__What you need to do__. Output the lines of the entries below beginning at the one with "Jason Ribi sitting" and ending with the last, exactly as written and without pictures.

__Information supplied__.

──────

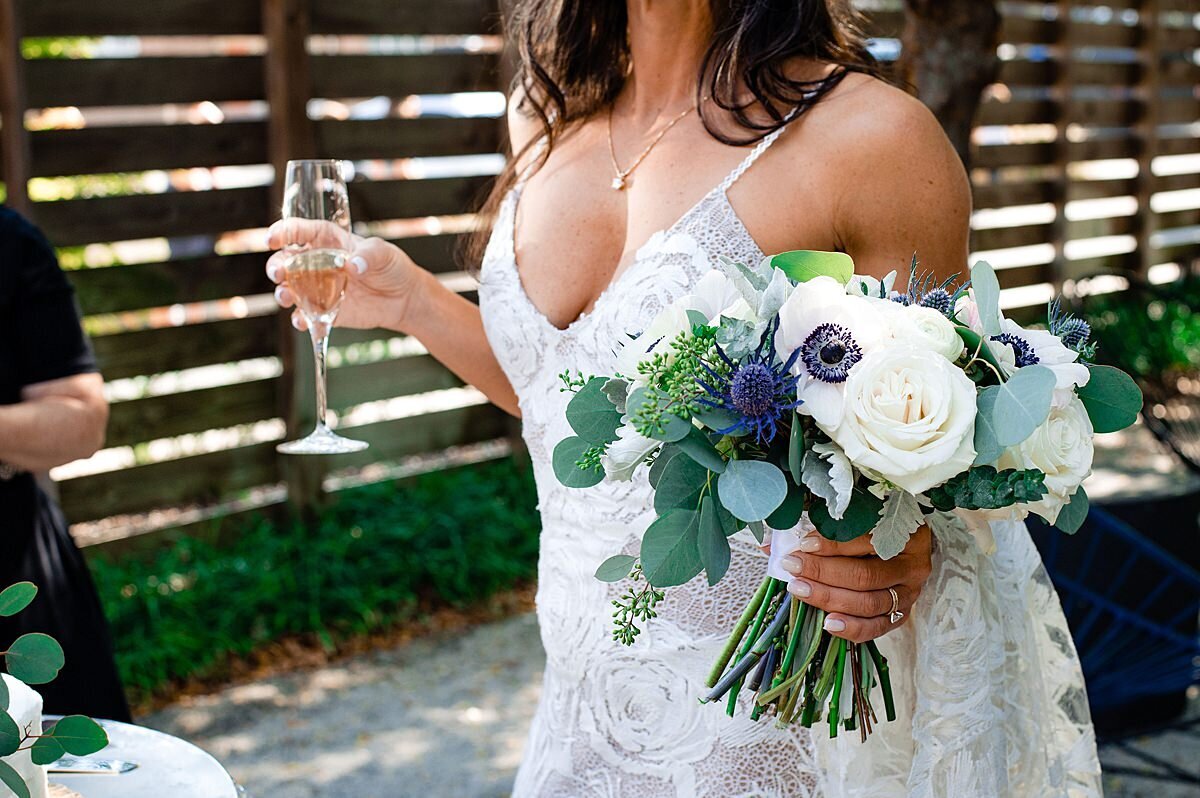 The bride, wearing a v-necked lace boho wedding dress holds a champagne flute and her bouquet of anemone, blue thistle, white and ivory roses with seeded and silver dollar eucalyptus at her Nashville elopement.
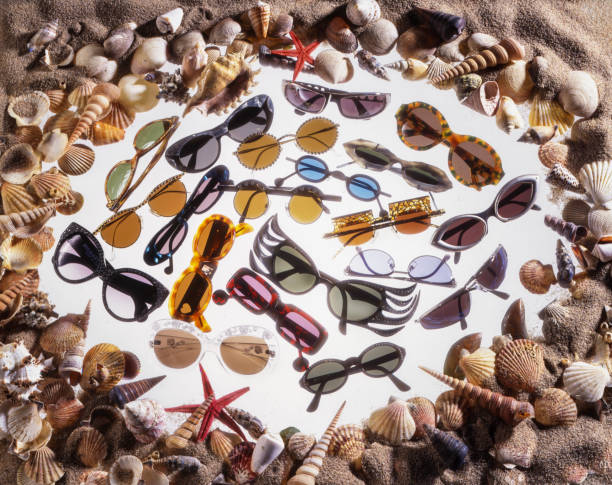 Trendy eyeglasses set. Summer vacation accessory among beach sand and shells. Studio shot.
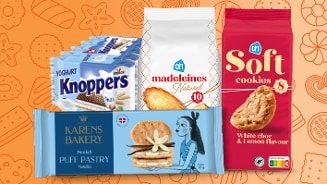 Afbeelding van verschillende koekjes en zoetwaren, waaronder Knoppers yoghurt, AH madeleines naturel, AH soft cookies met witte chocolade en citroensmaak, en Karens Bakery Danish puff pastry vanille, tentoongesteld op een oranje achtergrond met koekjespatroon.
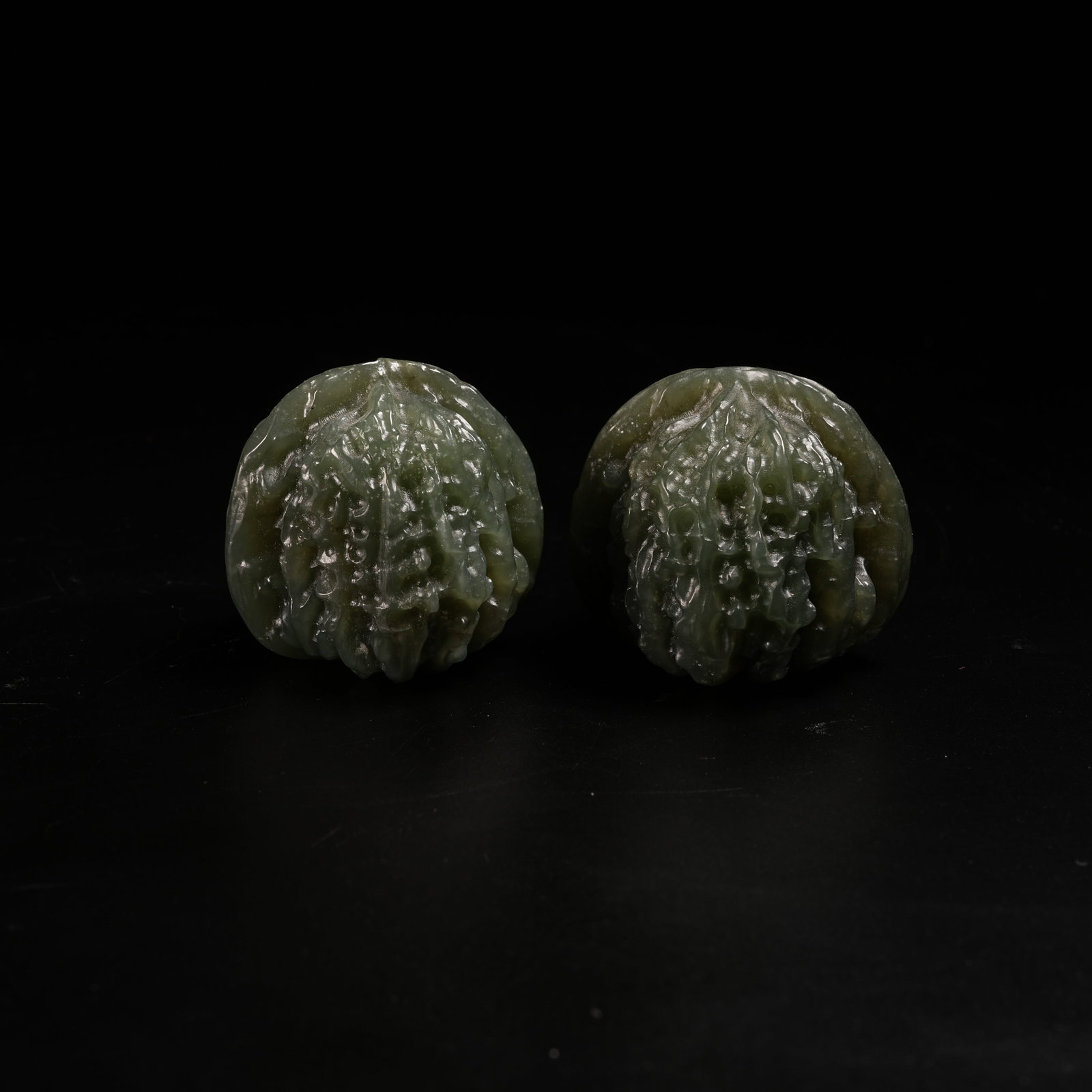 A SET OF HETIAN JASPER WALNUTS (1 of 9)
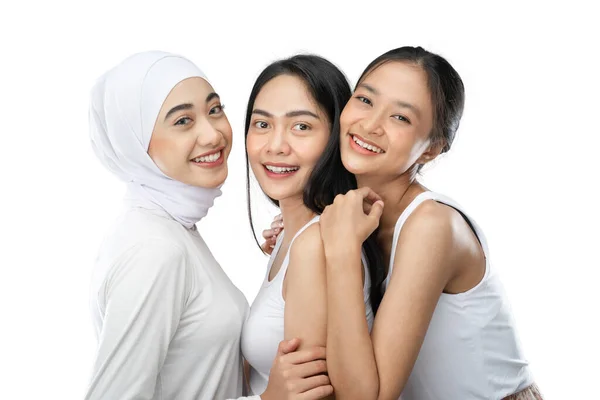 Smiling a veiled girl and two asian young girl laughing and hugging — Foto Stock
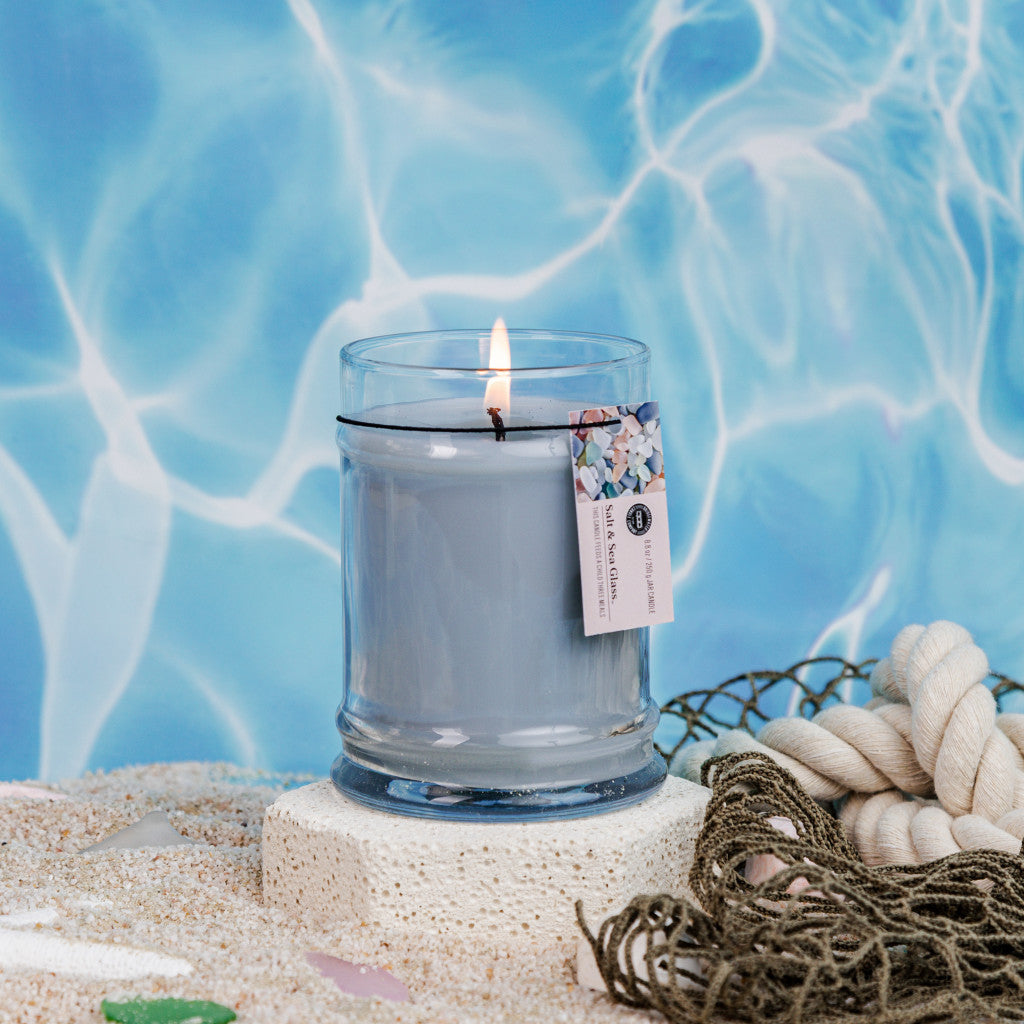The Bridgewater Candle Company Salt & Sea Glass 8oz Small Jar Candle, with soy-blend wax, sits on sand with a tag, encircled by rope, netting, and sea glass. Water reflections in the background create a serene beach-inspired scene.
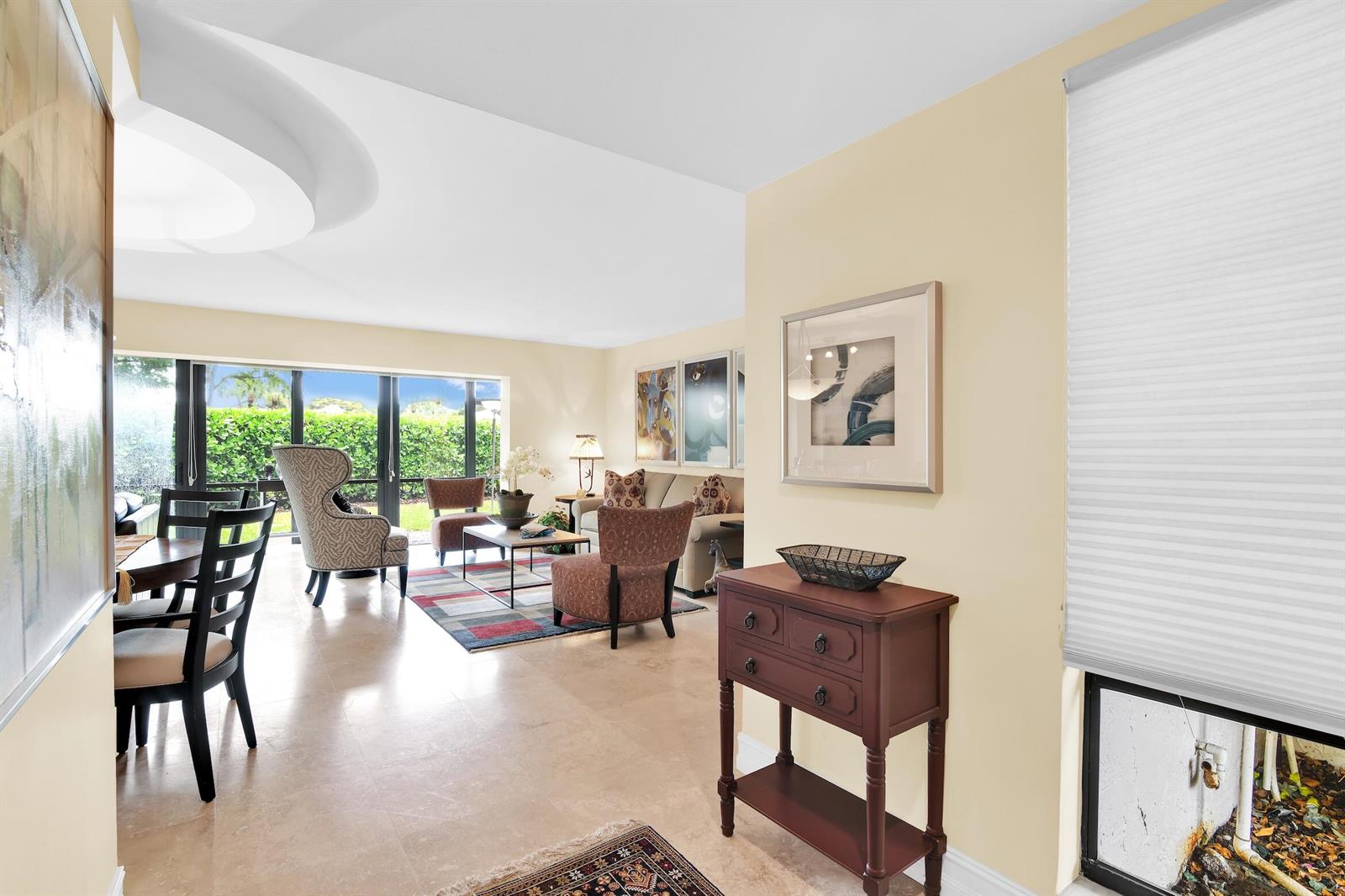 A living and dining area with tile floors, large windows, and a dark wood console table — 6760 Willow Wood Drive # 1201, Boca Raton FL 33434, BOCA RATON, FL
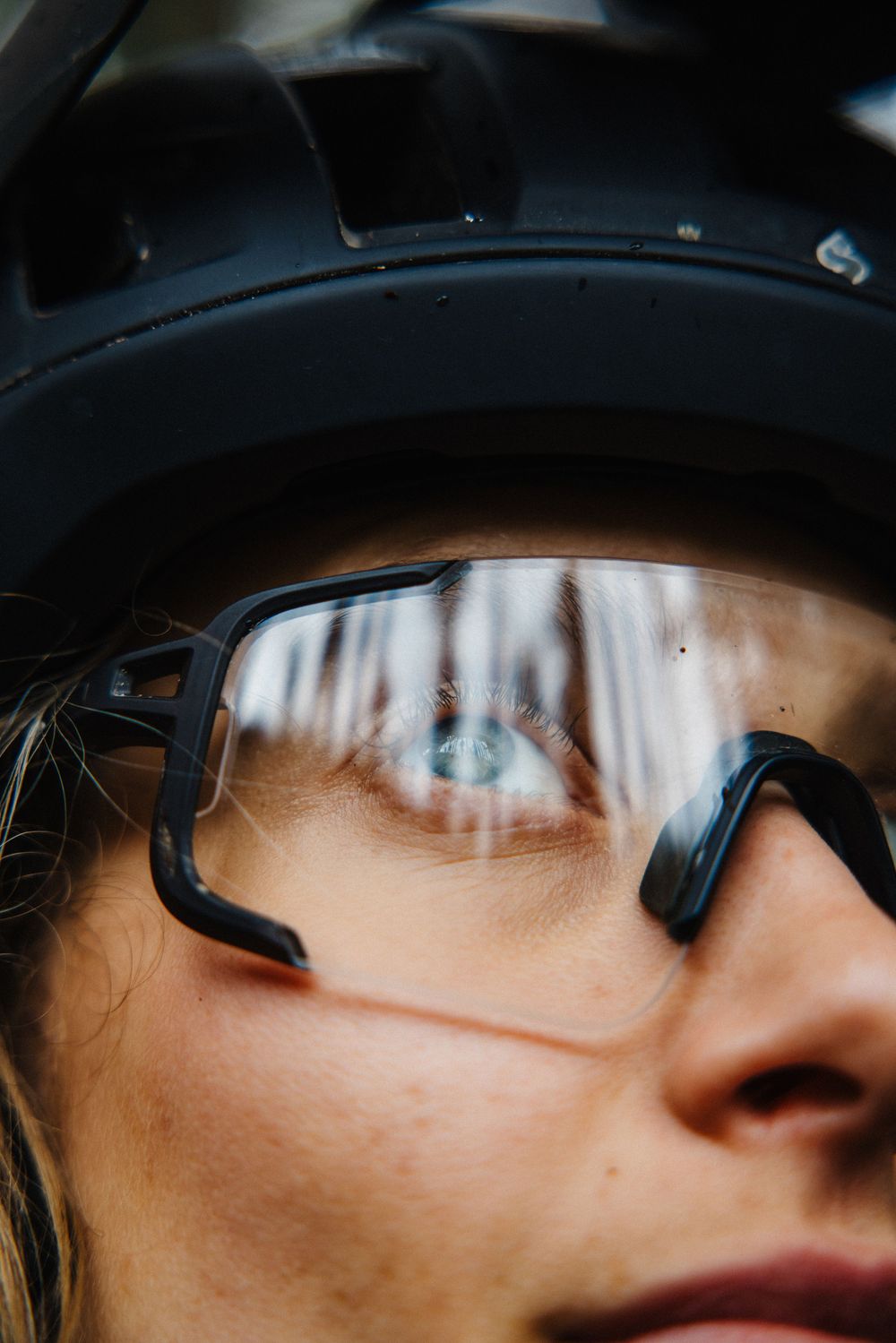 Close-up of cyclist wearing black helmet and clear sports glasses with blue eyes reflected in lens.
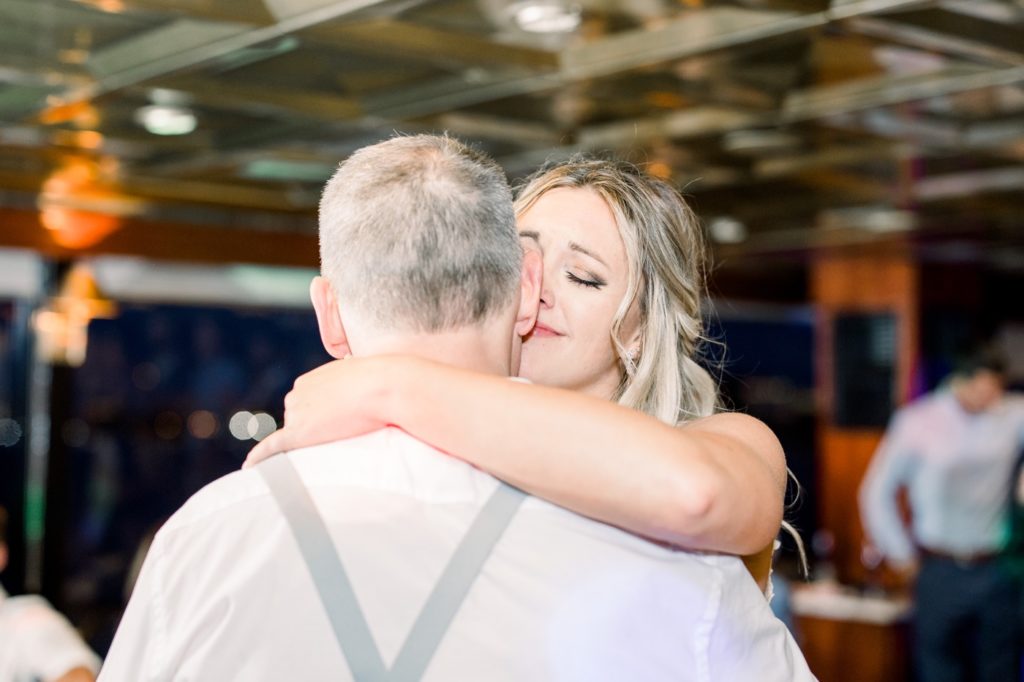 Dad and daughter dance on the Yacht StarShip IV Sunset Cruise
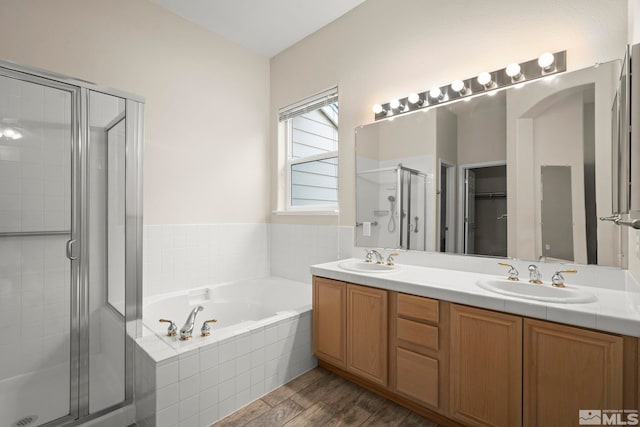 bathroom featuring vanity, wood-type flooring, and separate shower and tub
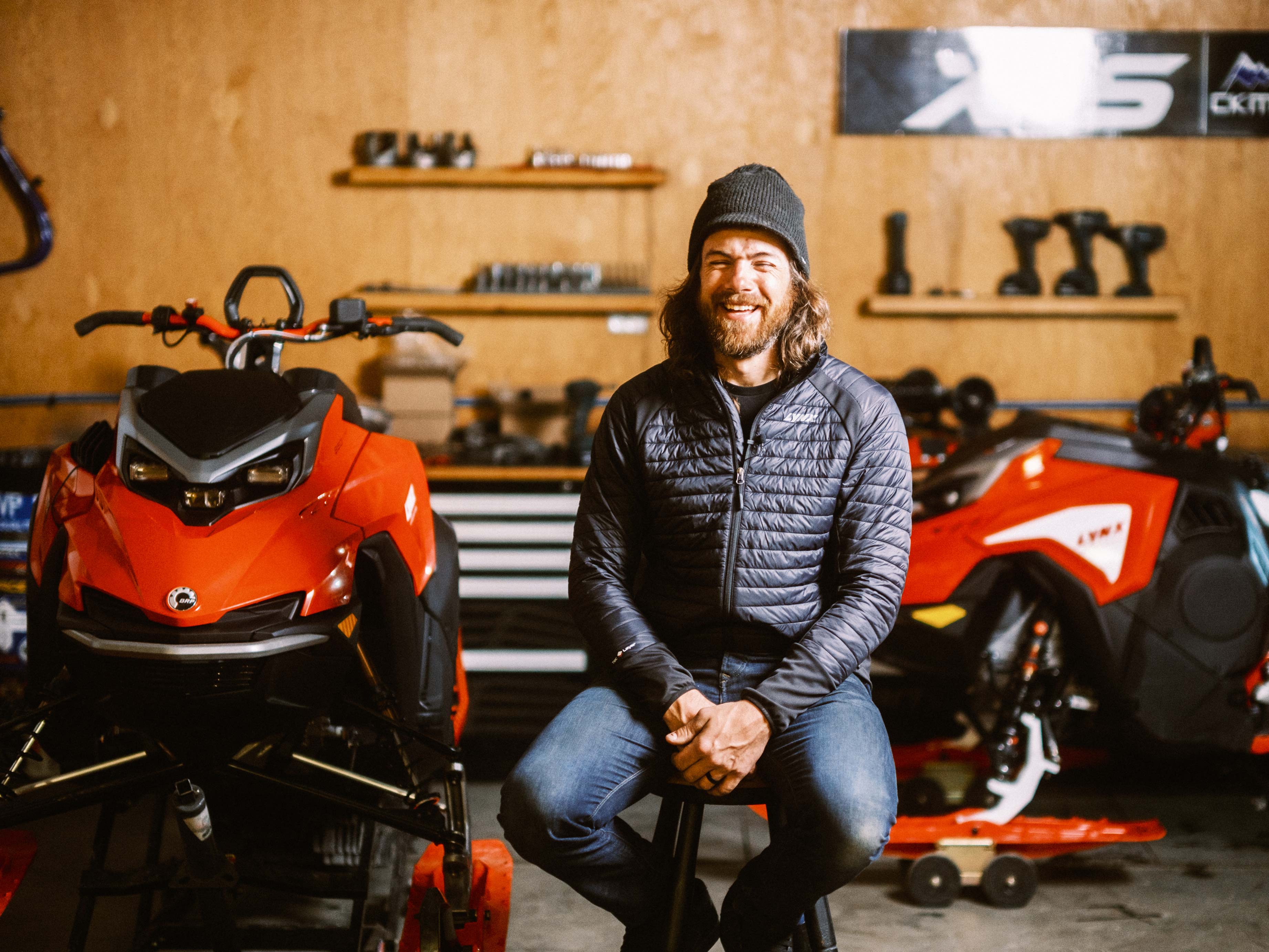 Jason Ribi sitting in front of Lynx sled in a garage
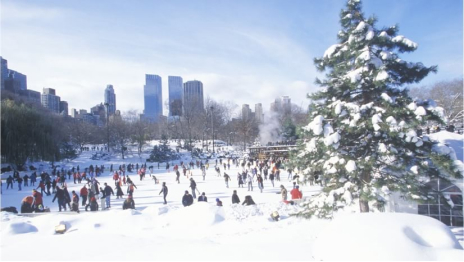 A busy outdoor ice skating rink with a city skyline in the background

──────

__Solution below__.
 Jason Ribi sitting in front of Lynx sled in a garage
 A busy outdoor ice skating rink with a city skyline in the background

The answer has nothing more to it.